_Work item_
In this exercise, reproduce all the entries that follow exactly.

_Available data_
+-------+

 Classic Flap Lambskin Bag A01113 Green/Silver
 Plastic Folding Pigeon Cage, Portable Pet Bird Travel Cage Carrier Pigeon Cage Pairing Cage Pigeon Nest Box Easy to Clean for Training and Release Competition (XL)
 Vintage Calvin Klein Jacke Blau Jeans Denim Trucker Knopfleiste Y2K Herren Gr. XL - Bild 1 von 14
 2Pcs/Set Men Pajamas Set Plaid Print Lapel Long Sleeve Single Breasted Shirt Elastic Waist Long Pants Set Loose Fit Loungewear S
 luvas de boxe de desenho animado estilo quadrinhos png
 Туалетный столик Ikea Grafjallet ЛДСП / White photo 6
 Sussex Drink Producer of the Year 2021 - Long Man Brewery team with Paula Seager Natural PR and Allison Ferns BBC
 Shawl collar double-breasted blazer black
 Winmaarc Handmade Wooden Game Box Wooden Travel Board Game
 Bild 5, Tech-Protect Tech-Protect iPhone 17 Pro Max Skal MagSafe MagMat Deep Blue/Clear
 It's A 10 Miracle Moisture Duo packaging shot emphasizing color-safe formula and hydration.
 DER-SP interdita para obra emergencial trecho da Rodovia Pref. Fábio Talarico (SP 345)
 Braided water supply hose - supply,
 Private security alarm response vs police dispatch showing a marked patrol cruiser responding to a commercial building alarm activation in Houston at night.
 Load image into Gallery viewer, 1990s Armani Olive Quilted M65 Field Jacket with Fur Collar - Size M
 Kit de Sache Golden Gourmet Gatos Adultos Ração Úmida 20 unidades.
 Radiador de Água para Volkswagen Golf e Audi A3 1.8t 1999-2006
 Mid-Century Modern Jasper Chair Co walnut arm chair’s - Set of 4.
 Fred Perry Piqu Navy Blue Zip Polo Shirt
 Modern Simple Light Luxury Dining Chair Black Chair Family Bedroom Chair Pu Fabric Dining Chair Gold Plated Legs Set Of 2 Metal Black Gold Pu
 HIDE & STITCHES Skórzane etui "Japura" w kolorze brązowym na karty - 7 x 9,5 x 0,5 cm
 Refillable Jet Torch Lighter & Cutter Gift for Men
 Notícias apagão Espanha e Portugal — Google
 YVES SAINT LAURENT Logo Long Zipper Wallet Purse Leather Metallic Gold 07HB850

+-------+

_Reply to the exercise_
 Classic Flap Lambskin Bag A01113 Green/Silver
 Plastic Folding Pigeon Cage, Portable Pet Bird Travel Cage Carrier Pigeon Cage Pairing Cage Pigeon Nest Box Easy to Clean for Training and Release Competition (XL)
 Vintage Calvin Klein Jacke Blau Jeans Denim Trucker Knopfleiste Y2K Herren Gr. XL - Bild 1 von 14
 2Pcs/Set Men Pajamas Set Plaid Print Lapel Long Sleeve Single Breasted Shirt Elastic Waist Long Pants Set Loose Fit Loungewear S
 luvas de boxe de desenho animado estilo quadrinhos png
 Туалетный столик Ikea Grafjallet ЛДСП / White photo 6
 Sussex Drink Producer of the Year 2021 - Long Man Brewery team with Paula Seager Natural PR and Allison Ferns BBC
 Shawl collar double-breasted blazer black
 Winmaarc Handmade Wooden Game Box Wooden Travel Board Game
 Bild 5, Tech-Protect Tech-Protect iPhone 17 Pro Max Skal MagSafe MagMat Deep Blue/Clear
 It's A 10 Miracle Moisture Duo packaging shot emphasizing color-safe formula and hydration.
 DER-SP interdita para obra emergencial trecho da Rodovia Pref. Fábio Talarico (SP 345)
 Braided water supply hose - supply,
 Private security alarm response vs police dispatch showing a marked patrol cruiser responding to a commercial building alarm activation in Houston at night.
 Load image into Gallery viewer, 1990s Armani Olive Quilted M65 Field Jacket with Fur Collar - Size M
 Kit de Sache Golden Gourmet Gatos Adultos Ração Úmida 20 unidades.
 Radiador de Água para Volkswagen Golf e Audi A3 1.8t 1999-2006
 Mid-Century Modern Jasper Chair Co walnut arm chair’s - Set of 4.
 Fred Perry Piqu Navy Blue Zip Polo Shirt
 Modern Simple Light Luxury Dining Chair Black Chair Family Bedroom Chair Pu Fabric Dining Chair Gold Plated Legs Set Of 2 Metal Black Gold Pu
 HIDE & STITCHES Skórzane etui "Japura" w kolorze brązowym na karty - 7 x 9,5 x 0,5 cm
 Refillable Jet Torch Lighter & Cutter Gift for Men
 Notícias apagão Espanha e Portugal — Google
 YVES SAINT LAURENT Logo Long Zipper Wallet Purse Leather Metallic Gold 07HB850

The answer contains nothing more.